We all know that contemporary liberalism is a secular religion -- only the most successful one ever -- and that man, as homo religiosus, cannot not be religious, but rather, only pretend not to be. Kristor implicitly argues that this is because we come into the world with certain universal archetypes that shape our experience:
"Not only is there always a state religion, but there is always a king of some sort, a father of the country. Likewise there is always a class of priests and judges, always a class of warrior nobles, always a class of merchants, always monastics and hermits, a market, a language, families, patriarchs, prophets, sex roles, etc. These things are built into man. They can be suppressed for a while, or injured, but not permanently eliminated from the constitution of human society. You can’t get rid of them, any more than you can get rid of the pancreas or the spleen. The functions they mediate must be mediated, and one way or another they will be mediated."
Actually, you can get rid of the spleen. But no sane person asks for it to be removed. Rather, it usually follows some terrible accident.

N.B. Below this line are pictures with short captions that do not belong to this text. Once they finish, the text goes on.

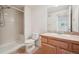 Bathroom with shower, oak vanity and tile floors at 6803 W Yale Ave, Lakewood, CO 80227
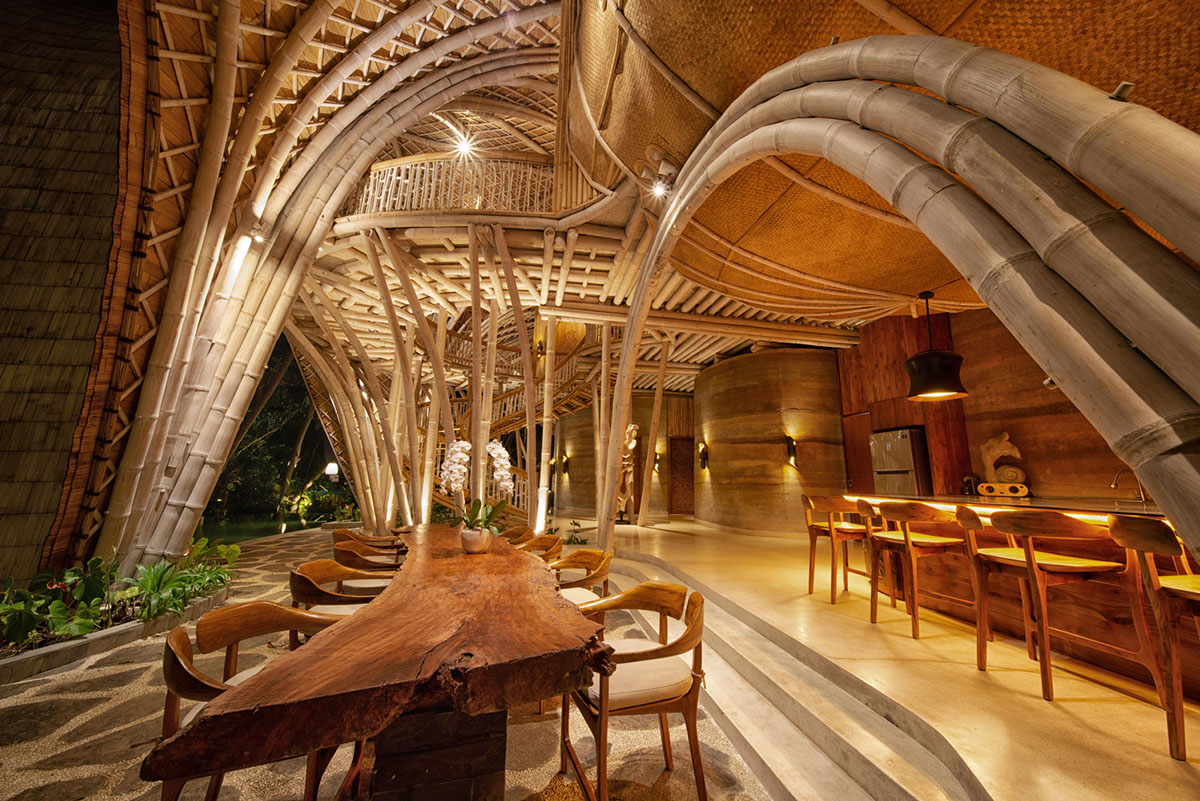 Undulating bamboo roofs wrap this wellness retreat in a lush forest of Bali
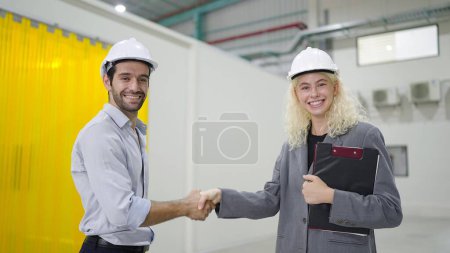 Foto de Ingenieros felices colegas hombres y mujeres que se dan la mano juntos de éxito trabajando en la fábrica de fabricación de la industria. Concepto de trabajo en equipo - Imagen libre de derechos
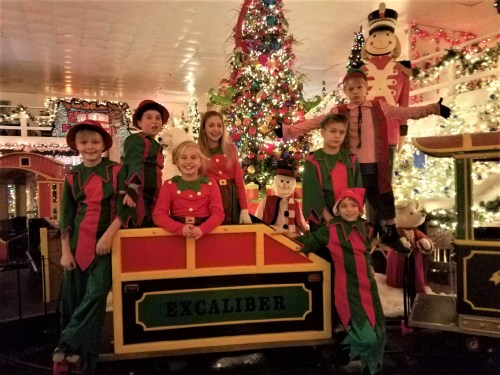 A group of children dressed as elves poses in front of a decorated Christmas tree and festive decorations.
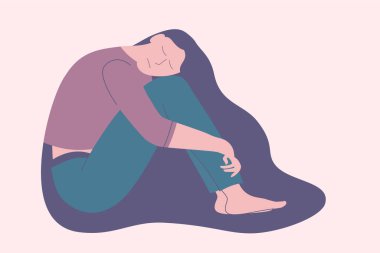 Depresyonda ya da üzgün kız tuğla duvarın yanında oturuyor..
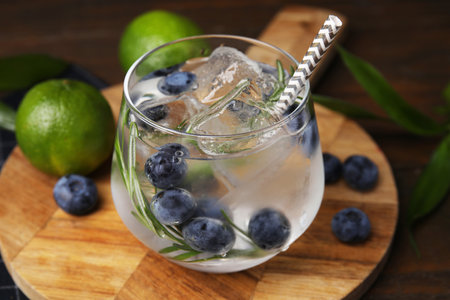 Refreshing water with blueberries and rosemary in glass on table, closeupの写真素材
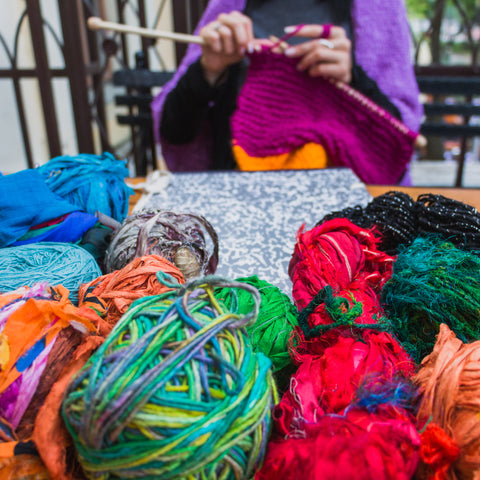 A woman wearing a purple sweater is sitting at a table knitting. In front of her is a bunch of Darn Good Yarn - all reclaimed, recycled, handmade, and sustainable yarn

Likewise, there are some archetypes we can dispense with, but this usually results from a terrible developmental accident of some kind, say, sexual abuse.
First of all, what is an archetype? I would say that they are to the vertical what instincts are to the horizontal. Our minds are not "blank slates," any more than our bodies are. Rather, our bodies have built in needs, expectations, and abilities. Similarly, we come into the world expecting, say, a mother and father. Thus, we are also entitled to a mother and father, just as infants are entitled to milk and not bourbon.
You could also say that an archetype is an "empty category" awaiting experience to fill it out. While it has a general outline, it has no specific content until we encounter it in life. It is the blueprint (or clueprint), not the building materials or finished project. Therefore, it is a kind of final cause. Archetypes operate as attractors in the subjective phase space of the interior world. Kristor alludes to several: father, judge, warrior, hermit, prophet, sex roles, etc.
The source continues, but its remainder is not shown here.